Tuesday, February 6, 2007

One Of The Smartest Things I've Read About the Iraq War

Check out this posting today at Talking Points Memo. Josh Marshall is asking people to read an oped in the New York Times (one which I have not read, so I am not commenting on it) that, he says, argues the position that the US needs to change the mission in Iraq, and move back to the periphery of the country. Our military could guard borders to keep foreign fighters from entering the country, but they would stay out of policing the Sunni/Shia civil war. Our numbers could be drastically reduced inside Iraq, and then the government of Iraq will have to be responsible for controlling the escalating violence inside their country. But Marshall makes the following comment in favor of this or just leaving entirely (I am basically in agreement with him):

But getting our policy in order is also being stymied because the political opponents of the war aren't willing to say that, yes, the policy has failed. Not 'defeated'. To be 'defeated' you need to have some other party 'defeat' you. This is just a failure. But whichever it is, that bogey is being used by the White House to scare off the opposition. It's a failure. There's no recovering it. And the unspeakable reality -- truly unspeakable, apparently -- is that it's not that bad. Horrible for the Iraqis. Horrible for the American dead. Terrible for American prestige, power and honor. All that. But not the end of the world. The future of our civilization isn't at stake. And our physical safety isn't at stake. We'll go on. We are not the brave British standing behind Winston Churchill bucking us up with the confidence that "We shall defend our island whatever the cost may be; we shall fight on beaches, landing grounds, in fields, in streets and on the hills.
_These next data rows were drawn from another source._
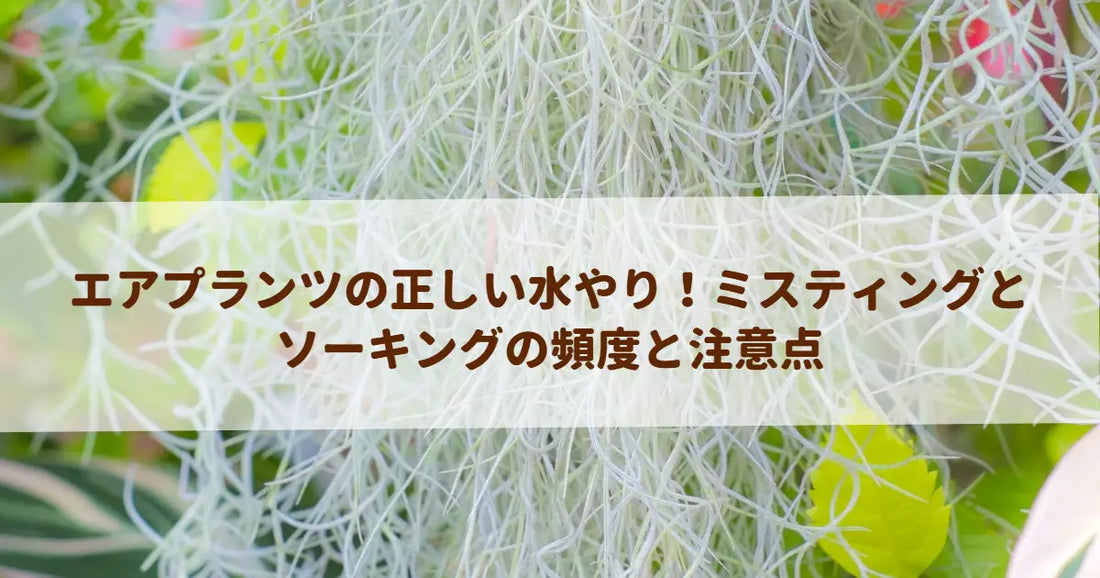 エアプランツの正しい水やり！ミスティングとソーキングの頻度と注意点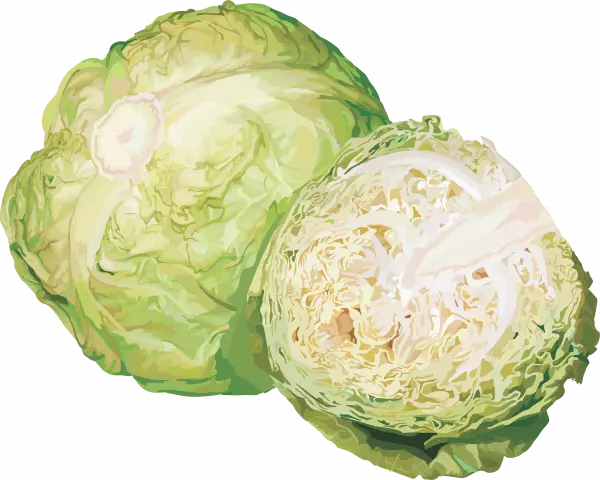 big cabbage sliced vector png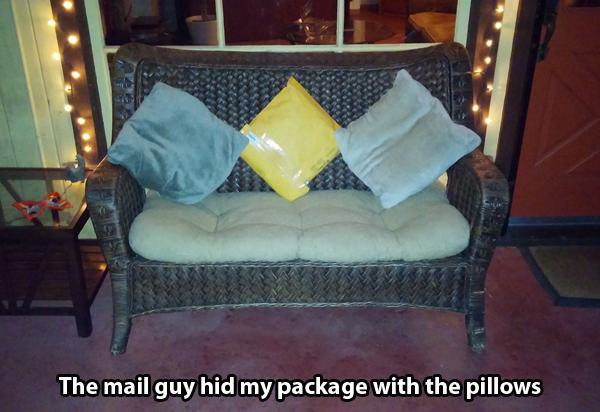 delivery fails - The mail guy hid my package with the pillows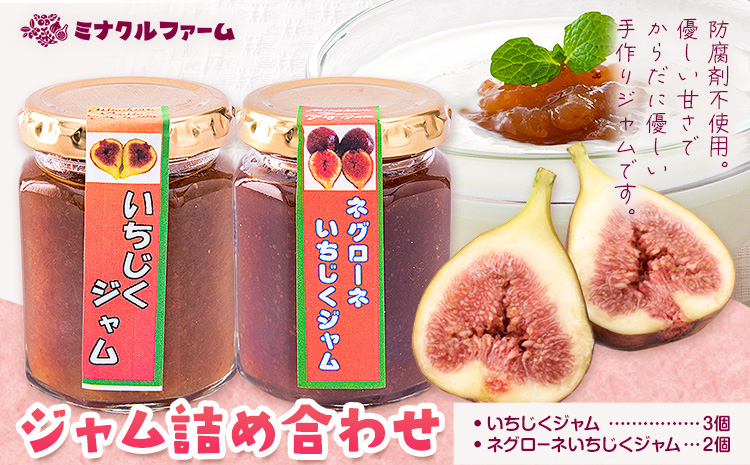 いちじくジャム詰め合わせ 5個セット いちじくジャム3個 ネグローネイチジクジャム2個 ミナクルファーム《30日以内に出荷予定(土日祝除く)》 熊本県 苓北町---reihoku_mkf_2_set---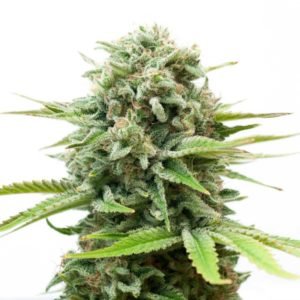 White Widow Seeds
We shall never surrender ..." Those aren't the stakes here. Put it in those words and it's almost comical. President Bush wants us to believe that it is because it serves his grandiosity and direct political interests to believe that, to believe that his political interests -- where everything, history, legacy, etc. is on the line -- are the same as ours as a country. They're not.

1 comment:

J. Marquis said...

Howard, you make a good point. This was never a war that could be "won" in the classic sense.
I'm for any decision that pulls our troops out of the Sunni-Shia crossfire.